Esther Slevogt betrachtet das Treiben auf Berlins Bühnen:
Sie gehören zu den berühmtesten Liebespaaren der Theatergeschichte: „Tristan und Isolde“. Denn das Schicksal hat für ihre Liebe von Anfang an keine Perspektive vorgesehen. Tristan soll Isolde für seinen König werben, darf sie also gar nicht selber lieben. Und wie könnte Isolde Tristan lieben, der ihren Verlobten erschlug? Trotzdem verlieben sie sich und das Verhängnis nimmt seinen Lauf. Der Komponist Richard Wagner hat aus dem mittelalterlichen Stoff eine seiner berühmtesten Opern geschaffen. Seine Wirkung bezieht das Werk aus dem Clash von emotionalem Überdruck und politischer Ohnmacht, aus dem Abgrund, der sich mit so existenzieller Wucht zwischen Staatsraison und Individuum auftut.
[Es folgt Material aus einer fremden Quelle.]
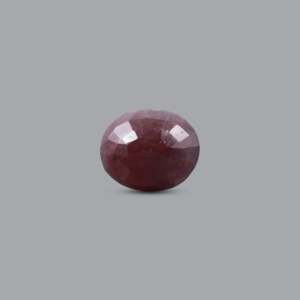 Natural Red Ruby Loose Gemstone 13.15 Carat Oval Cut for Fine Jewelry - Product Image 2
In den Sophiensælen kommt nun eine Version des Werks zur Aufführung, die das inklusiv arbeitende Zürcher Theater Hora mit dem Berliner Musiktheaterkollektiv Hauen + Stechen um die Regisseurinnen Franziska Kronfoth und Julia Lwowski erarbeitet hat. Erklärtes Ziel: den Überdruck abzulassen und den berühmten Liebestrank gemeinsam mit dem Publikum zu trinken. Und in einer riesigen Walinstallation durch einen Ozean von Euphorie, Depression, Lust, Hass und Scham zu navigieren! (26. & 28.–30. 4., jeweils 19.30 Uhr)
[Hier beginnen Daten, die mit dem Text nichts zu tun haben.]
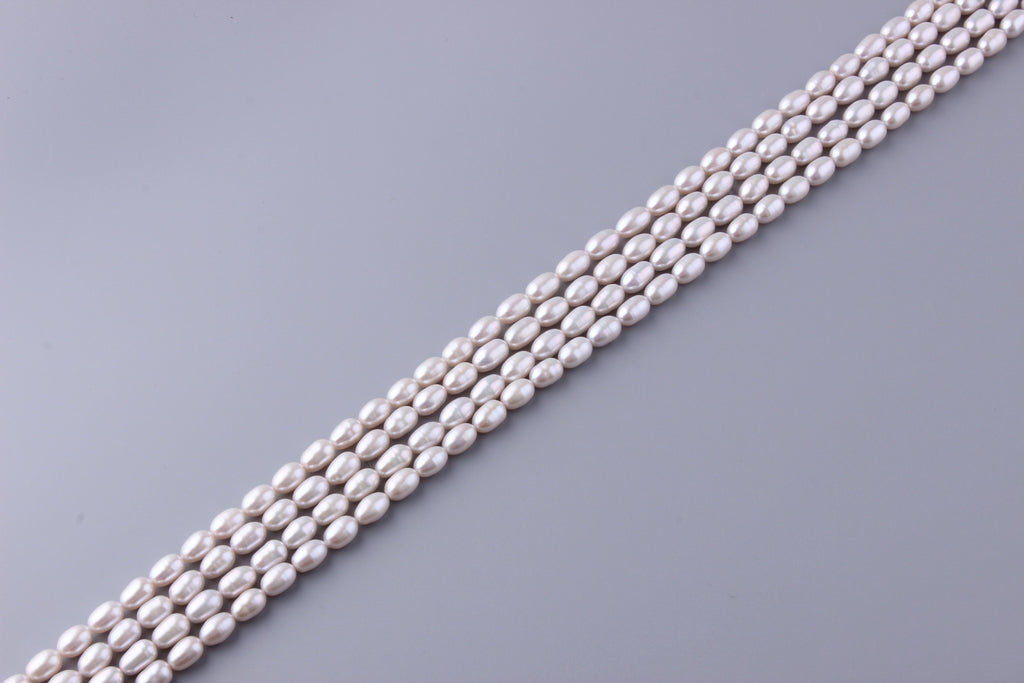 Oval Shape Freshwater Pearl 6.5-7mm (SKU: 917808 / 1002715) - Wing Wo Hing Jewelry Group - Pearl Jewelry Manufacturer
Der Dichter Hans-Christian Andersen bezog viel dichterische Energie aus seiner unerfüllten Liebe zu der Opernsängerin Jenny Lind. Seine Märchen handeln oft davon, dass jemand etwas anderes sein möchte, als sie*er ist. Oder, weil anders, nicht vom Mainstream akzeptiert wird. Das hässliche Entlein zum Beispiel, das eigentlich sogar ein Schwan ist. Der Regisseur Bastian Kraft hat auf Andersen-Geschichten wie dieser nun eine sehr eigene Lesart angewandt: dass es sich nämlich bei diesen Verwandlungen auch um ein maskiertes Spiel mit Geschlechtlichkeit und Sexualität handelt. Dies war der Ausgangspunkt für sein Projekt, Andersens Märchen den Biografien von Berliner Dragqueens gegenüberzustellen. „Ugly Duckling“ ist es überschrieben und kommt am 25. 4. in den Kammerspielen des Deutschen Theaters heraus (Deutsches Theater, Premiere 25. 4., 20 Uhr).
Vom Mainstream nicht akzeptiert ist auch Amir, das Kind arabischer Einwanderer in Deutschland und Protagonist des neuen Stücks von Mario Salazar. Mit der Uraufführung des Dramas „Amir“ über eine Migrationsjugend in Deutschland, gefangen zwischen totaler Verweigerung und verzweifeltem Anpassungswunsch, gibt die Regisseurin Nicole Oder (die sonst zur künstlerischen Leitung des Heimathafens Neukölln gehört) ihr Regiedebüt im BE (Berliner Ensemble, Premiere 28. 4., 20 Uhr).